Ainu bill approved but void of legal rights

The government on Mar. 21 officially approved a bill to create a new law on the Ainu people of Hokkaido, but failed to grant them special rights as an indigenous group.

The bill, which is expected to be enacted by the end of the current Diet session, which runs through June, replaces a century-old law that experts say has long served to discriminate against Ainu. If enacted, it will be the first law in Japan that recognizes the existence of a minority ethnic group within the Japanese population.

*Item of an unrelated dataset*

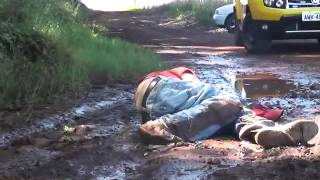 preview picture of video 'Homem é encontrado morto em Laranjeiras do Sul, ele levou pelo menos 3 tiros'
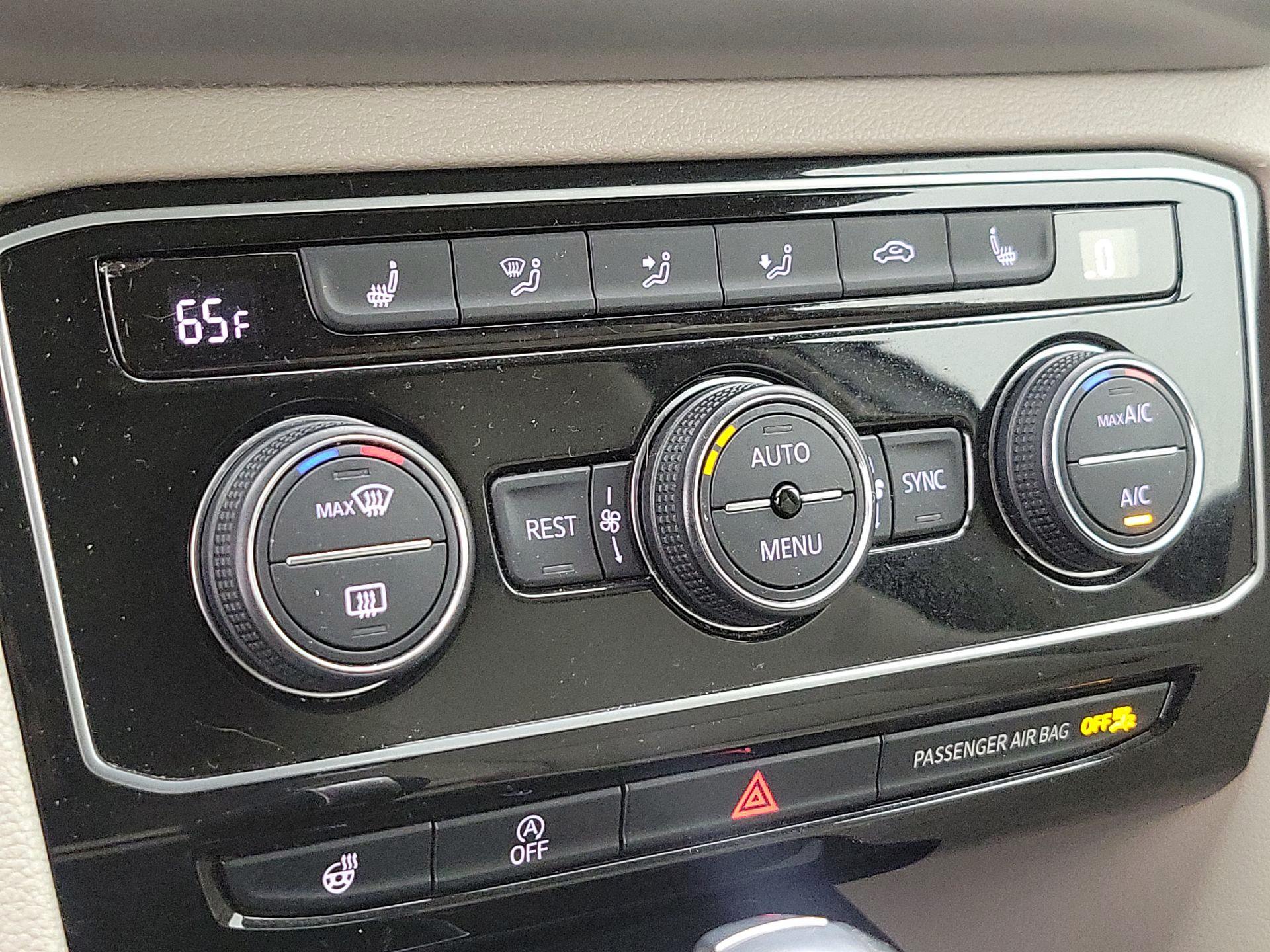 Thumbnail: 2019 Volkswagen Atlas - 16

Despite the demands of Ainu activists, however, the bill does not go so far as to give legal recognition to the Ainu’s indigenous nature. The bill, which was officially approved at the day’s regular Cabinet meeting, calls on the government to promote public knowledge about Ainu culture and tradition, according to government officials. Through such measures, the government hopes to create a society “where Ainu people’s pride as an ethnic group is respected,” the bill says. It describes the Ainu culture as “Ainu language, as well as music, dance, arts and other cultural assets that have been handed down among the Ainu people.”

In implementing the steps to promote Ainu culture, national and local authorities should “take into account the voluntary will and ethnic pride of the Ainu people,” according to the bill. The existing law on Ainu, established in 1899 and titled “Former Hokkaido Natives Protection Law,” was designed to assimilate the Ainu people into the Japanese population. Ainu activists have long called for abolition of the law.

In the late 1800s, Japanese settlers who crossed the sea to settle in Hokkaido pushed the indigenous Ainu people into small pockets of the island. The 1899 law urged the Ainu people to engage in farming, denying them the right to pursue their traditional culture and way of life. Currently, about 25,000 Ainu people are estimated to be living in Hokkaido.